▽

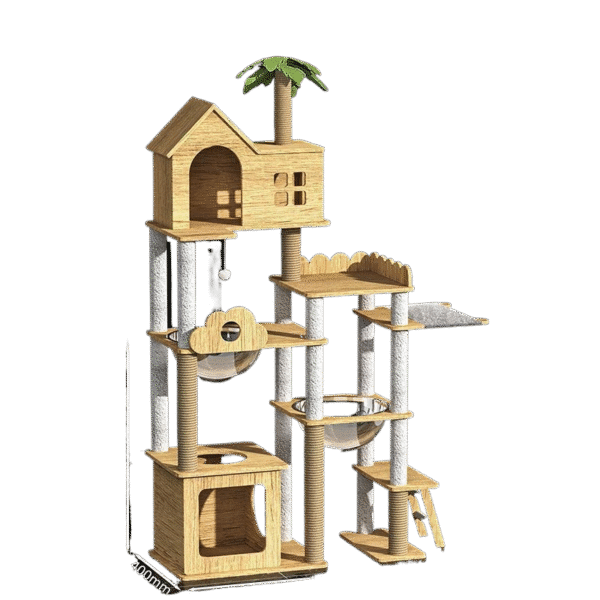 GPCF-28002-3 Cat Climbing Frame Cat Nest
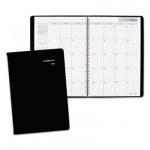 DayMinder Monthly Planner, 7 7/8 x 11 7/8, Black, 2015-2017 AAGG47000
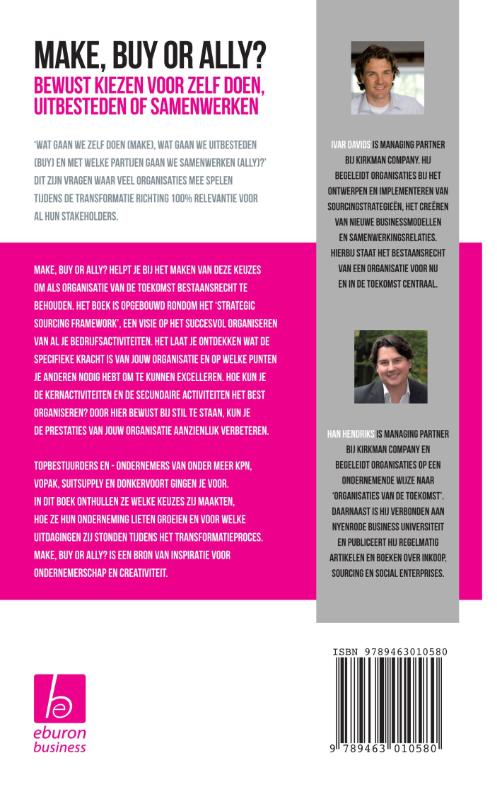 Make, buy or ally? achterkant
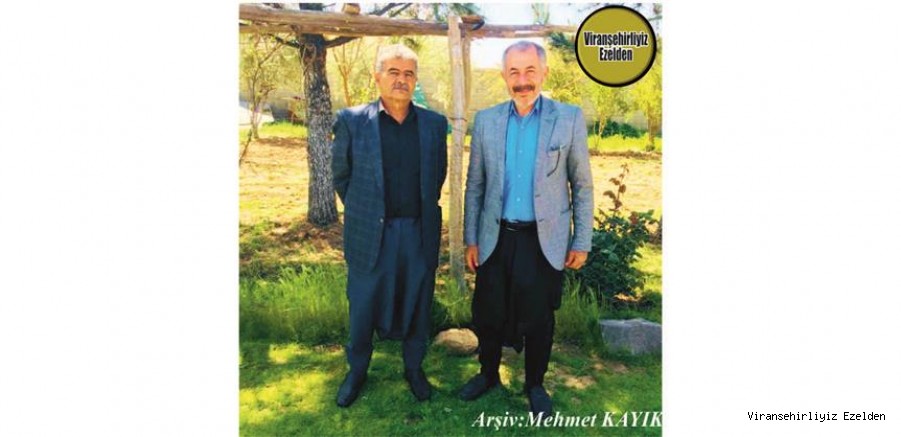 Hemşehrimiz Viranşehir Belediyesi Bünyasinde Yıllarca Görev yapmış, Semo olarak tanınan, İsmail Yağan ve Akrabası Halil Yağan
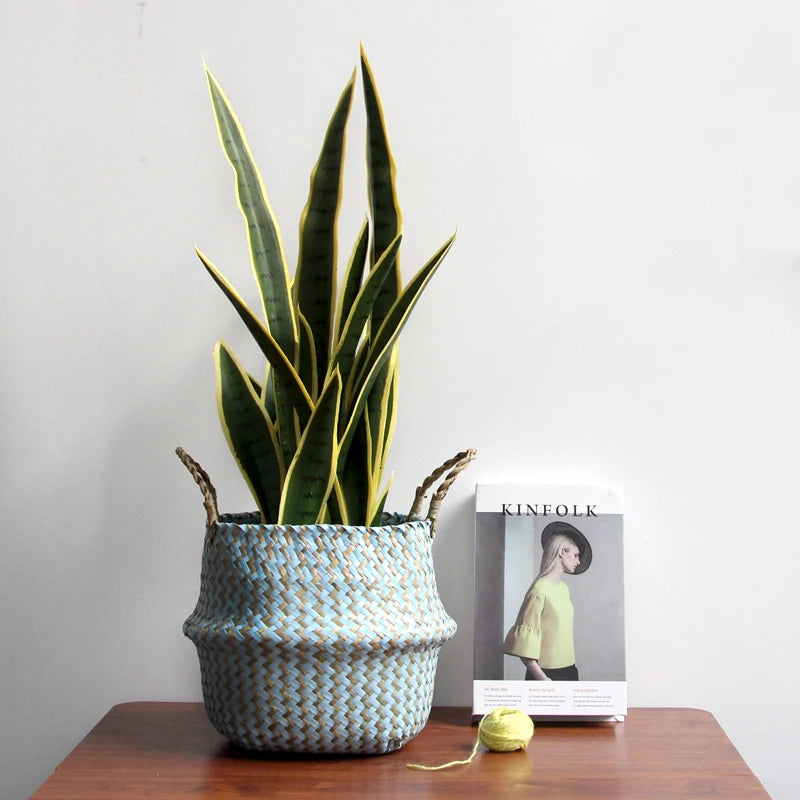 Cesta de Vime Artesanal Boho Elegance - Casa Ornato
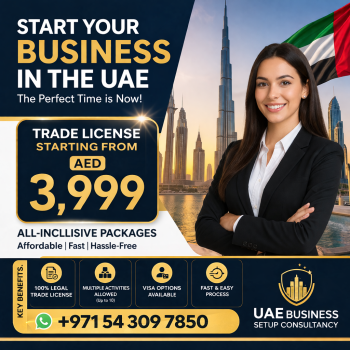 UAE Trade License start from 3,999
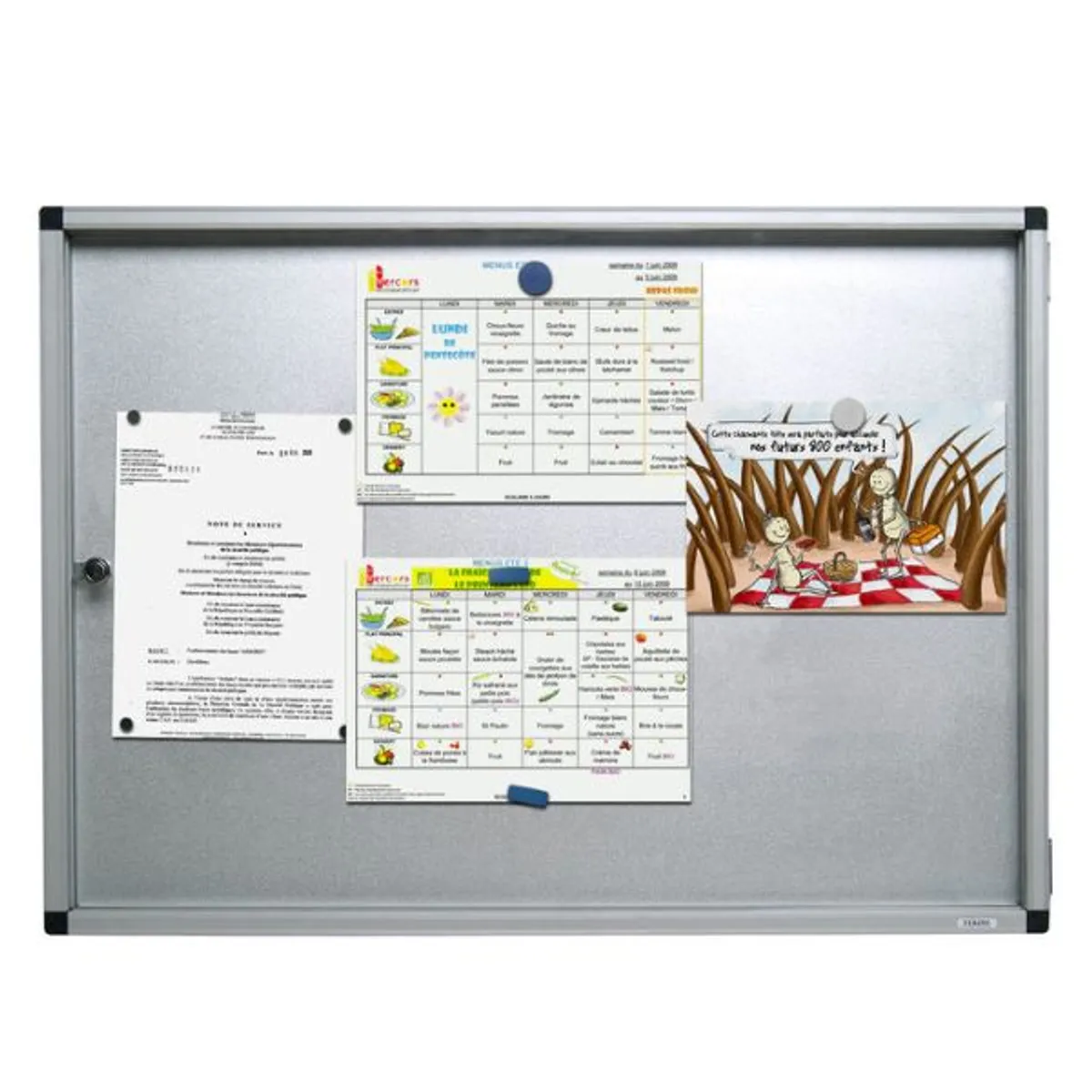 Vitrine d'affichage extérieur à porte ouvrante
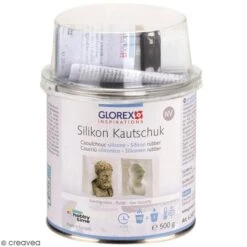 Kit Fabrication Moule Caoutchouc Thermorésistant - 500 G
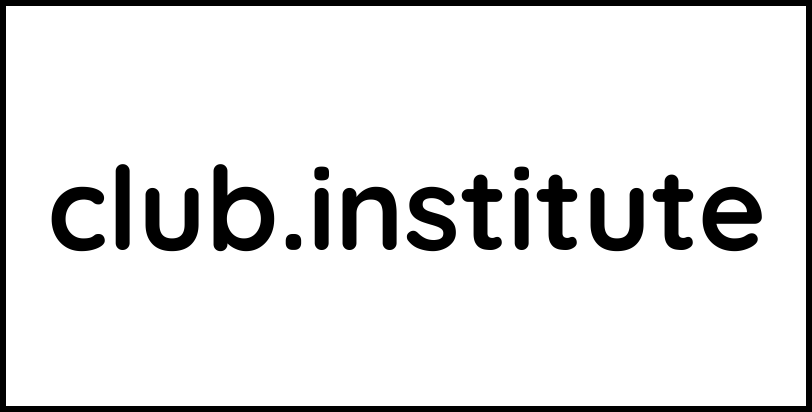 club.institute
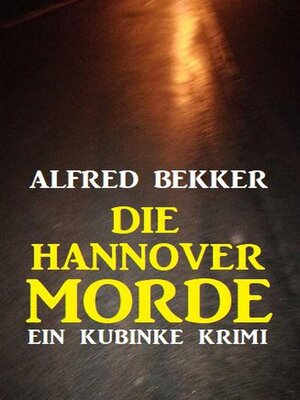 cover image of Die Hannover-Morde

△

▶ ACTIVITY:
Start at the line holding "Hemşehrimiz Viranşehir Belediyesi" and stop at the last line of the entries above. Repeat those lines exactly, pictures excluded.

▶ ANSWER SECTION:
 Hemşehrimiz Viranşehir Belediyesi Bünyasinde Yıllarca Görev yapmış, Semo olarak tanınan, İsmail Yağan ve Akrabası Halil Yağan
 Cesta de Vime Artesanal Boho Elegance - Casa Ornato
 UAE Trade License start from 3,999
 Vitrine d'affichage extérieur à porte ouvrante
 Kit Fabrication Moule Caoutchouc Thermorésistant - 500 G
 club.institute
 cover image of Die Hannover-Morde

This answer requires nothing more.